---------- STORED DATA ----------

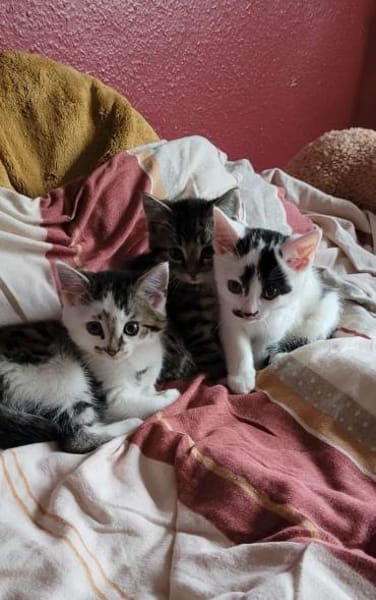 ***ANTON, PÜNKTCHEN und FRIDA!***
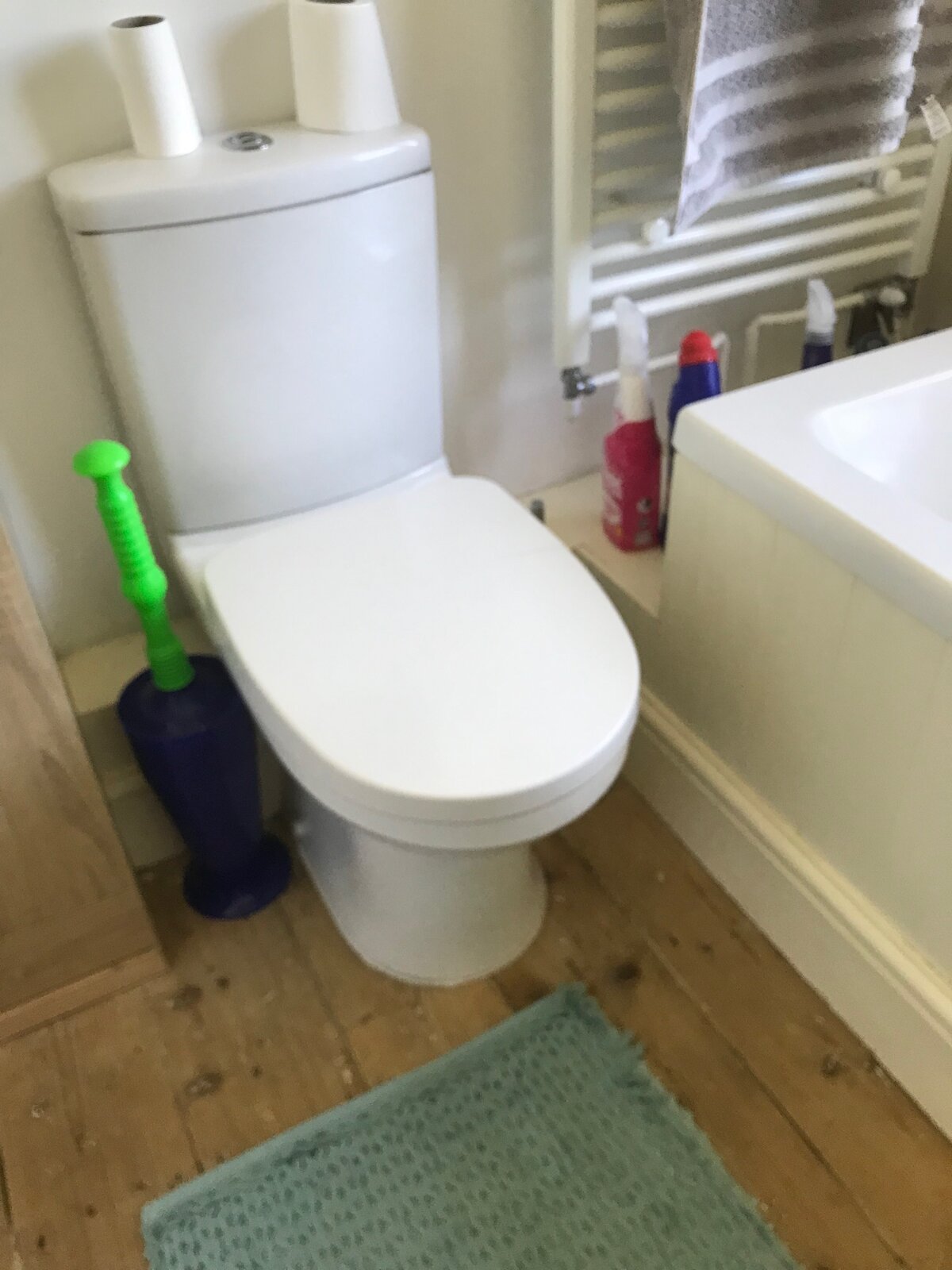 How to change this toilet seat DIYnot Forums
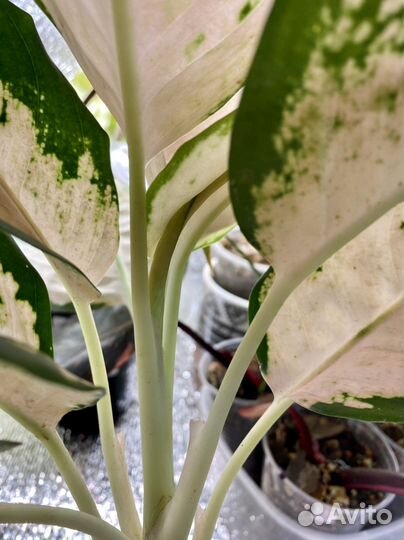 Аглаонема пинк кочин Neon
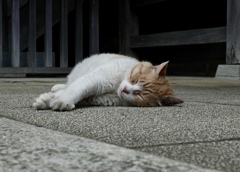 幸せそうな顔だにゃー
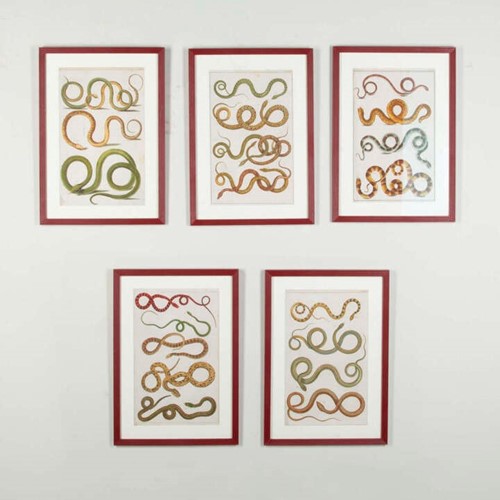 Set of Five 18th Century Albertus Seba Snake Engravings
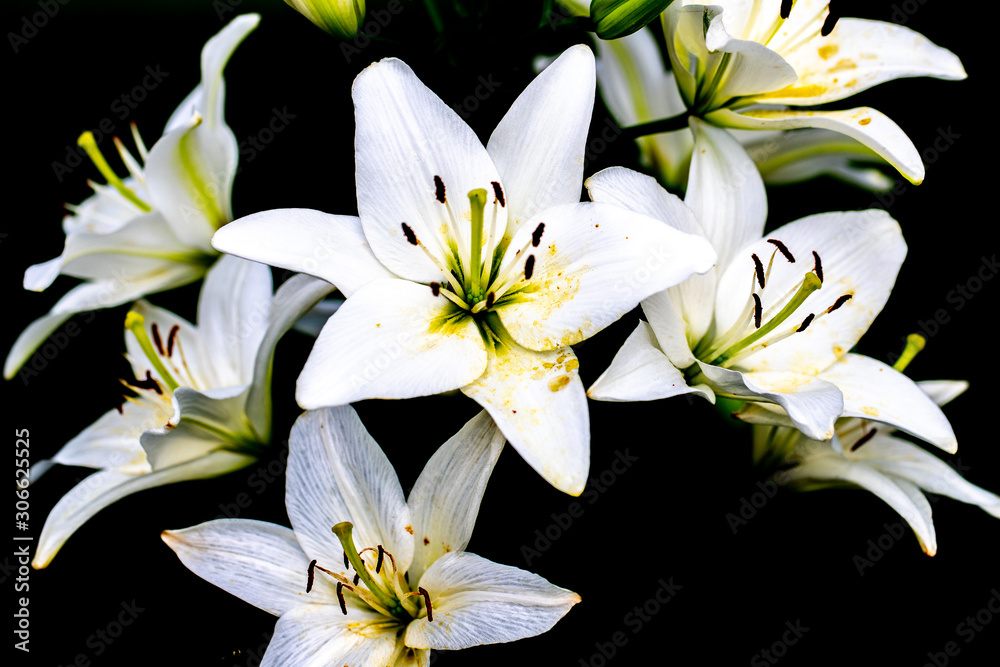 Fototapeta premium Flower10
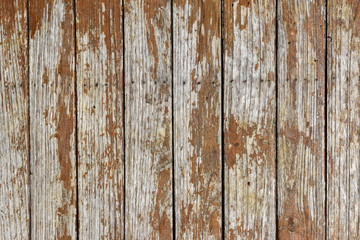 Obraz premium wooden plank texture. abstract grunge wood texture background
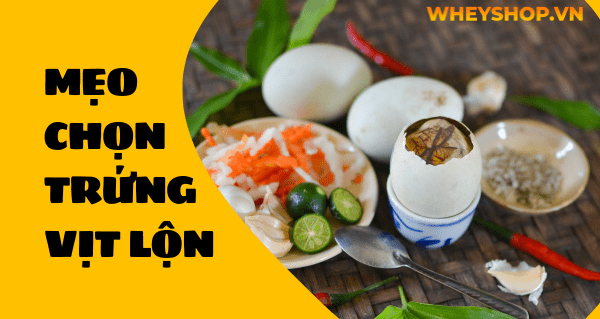 Nếu bạn chưa biết cách chọn trứng vịt lộn và luộc trứng vịt lộn ngon không nứt vỡ thì hãy cùng WheyShop tham khảo bài viết...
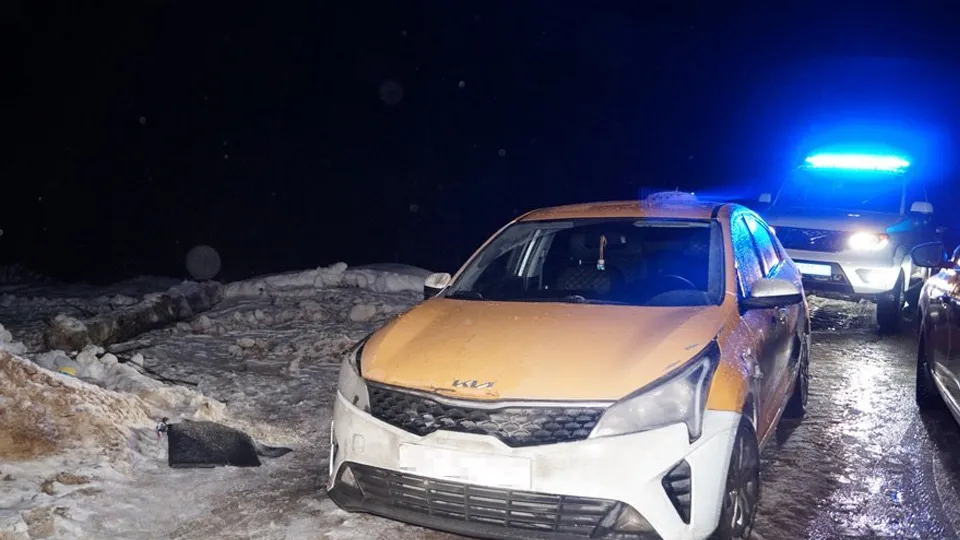 Фото: пресс-служба ГУ МВД России по Московской области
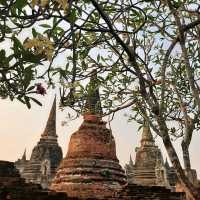 วัดพระศรีสรรเพชญ์ ต้นแบบวัดพระศรีรัตนศาสดาราม 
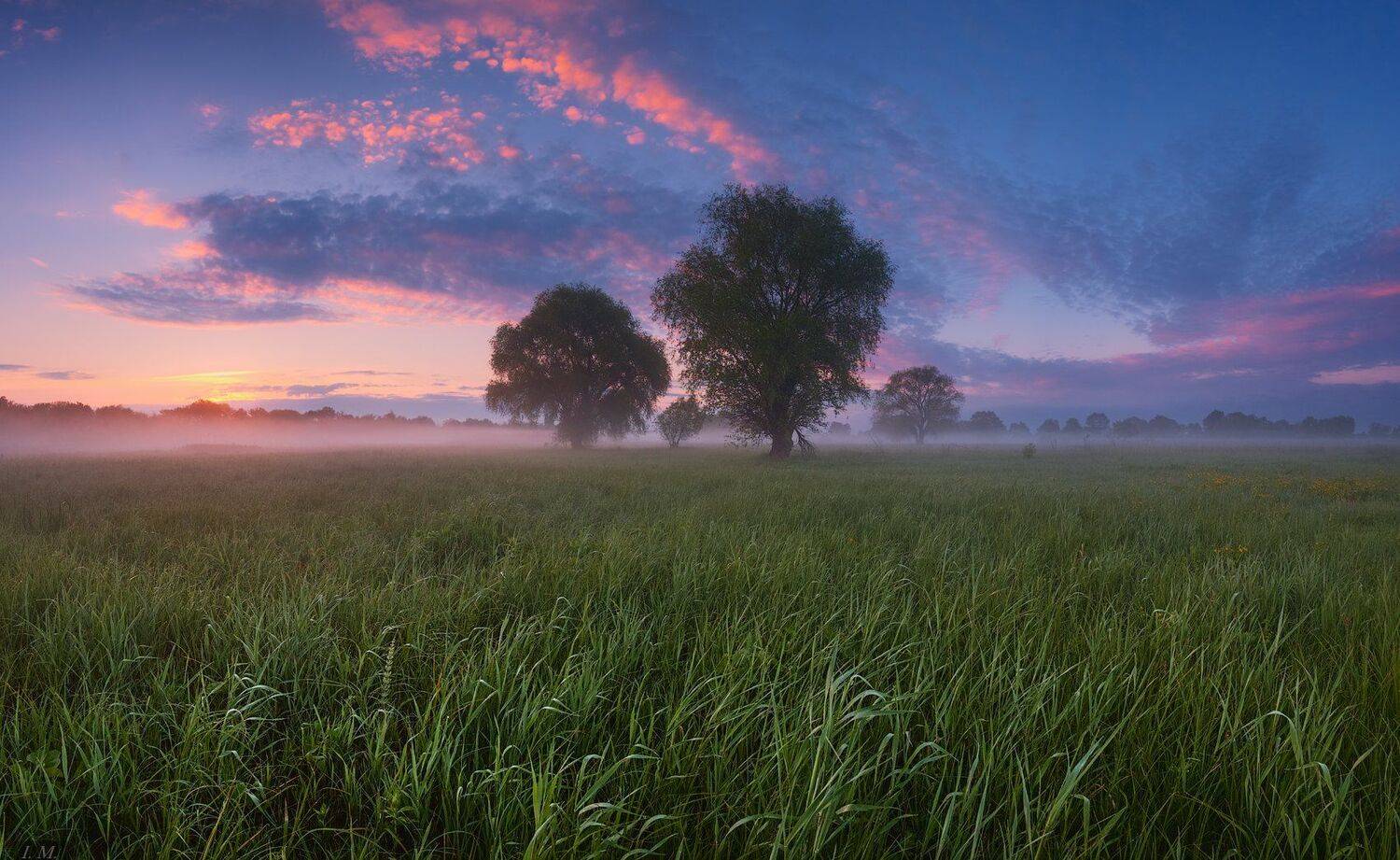 раннее, утро, рассвет, природа, луг, туман, весна, май, деревья, панорама, fog, early, morning, springtime, panorama, misty, foggy, dawn, colors, sky, red, clouds, nature, landscape, May, spring, Ivan Maljarenko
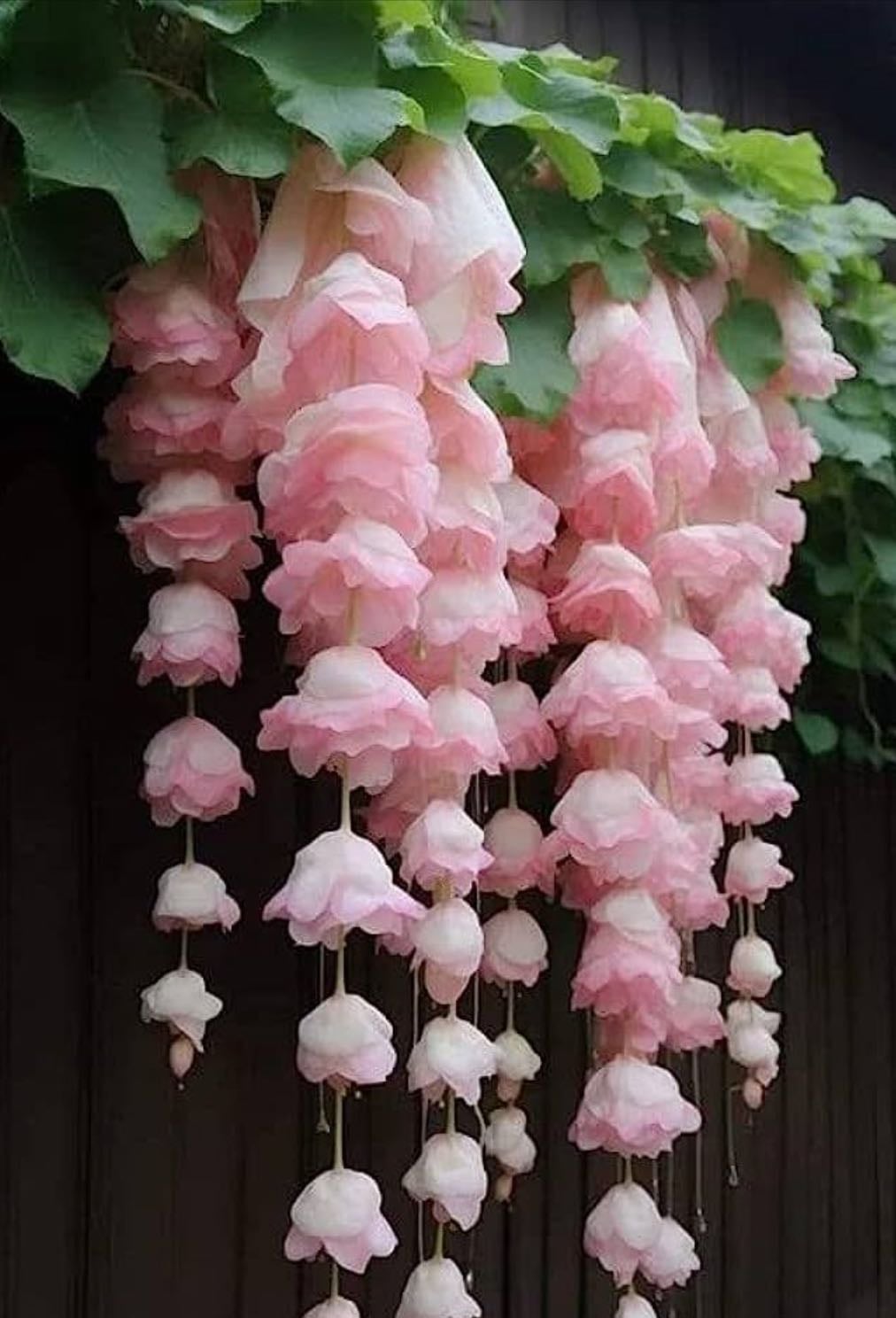 Weeping Begonias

----------

When copying the records above, please match them exactly but leave out all pictures.

 ***ANTON, PÜNKTCHEN und FRIDA!***
 How to change this toilet seat DIYnot Forums
 Аглаонема пинк кочин Neon
 幸せそうな顔だにゃー
 Set of Five 18th Century Albertus Seba Snake Engravings
 Fototapeta premium Flower10
 Obraz premium wooden plank texture. abstract grunge wood texture background
 Nếu bạn chưa biết cách chọn trứng vịt lộn và luộc trứng vịt lộn ngon không nứt vỡ thì hãy cùng WheyShop tham khảo bài viết...
 Фото: пресс-служба ГУ МВД России по Московской области
 วัดพระศรีสรรเพชญ์ ต้นแบบวัดพระศรีรัตนศาสดาราม 
 раннее, утро, рассвет, природа, луг, туман, весна, май, деревья, панорама, fog, early, morning, springtime, panorama, misty, foggy, dawn, colors, sky, red, clouds, nature, landscape, May, spring, Ivan Maljarenko
 Weeping Begonias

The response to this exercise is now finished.